Moving up the pricing list, the luxurious Gurahali averages $200 per person per night. There’s nothing not to love about this operator, which can aptly be described as a deliciously comfortable one. Private charters start with six people and solo travellers are welcome.
A great option for families and couples is the stunning Fantom. They boast tailored trips, luxurious cabins, and a chef who has spent the last 25 years filling bellies with the freshest of local produce.
Finally, for those who follow the ‘you only live once’ idiom, Soneva In Aqua is the relaxation hub for the relaxation addicts, with spa treatment and Sous Chef readily available. The staff has even been trained to lead stargazing sessions by a Soneva astronomer. The charter is simply stunning and the service would rival any five-star hotel found on land.

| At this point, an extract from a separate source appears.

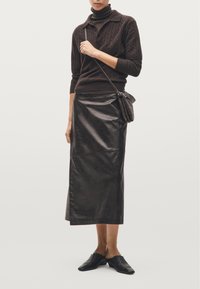 Maglione marrone lavorato a maglia con colletto alto, abbinato a una lunga gonna di pelle nera. Scarpe basse senza lacci completano il look, insieme a una piccola borsa.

Not mandatory, but certainly altruistic, it’s always very well received by your hardworking crew when a tip is given; something to keep in mind when constructing your impressive budget spreadsheet on Excel.
4. When to go?
Generally the Maldives is targeted for waves anytime throughout the year. The bigger sets and stronger winds will be seen in May to October, with it mellowing out between March to May in the months of clean and glassy waters. Check the charts for prevailing winds, which tend to swing from month to month.
Feel free to ask the specialists at LUEX for more detailed advice on surf packages, and avoiding unexpected headaches on the journey to your slice of surfer’s paradise. Last but not least, don’t forget to bring the one tool every charter boat gloater needs… the camera. You’ll want the visuals when harping on to friends about that epic trip to the Maldives.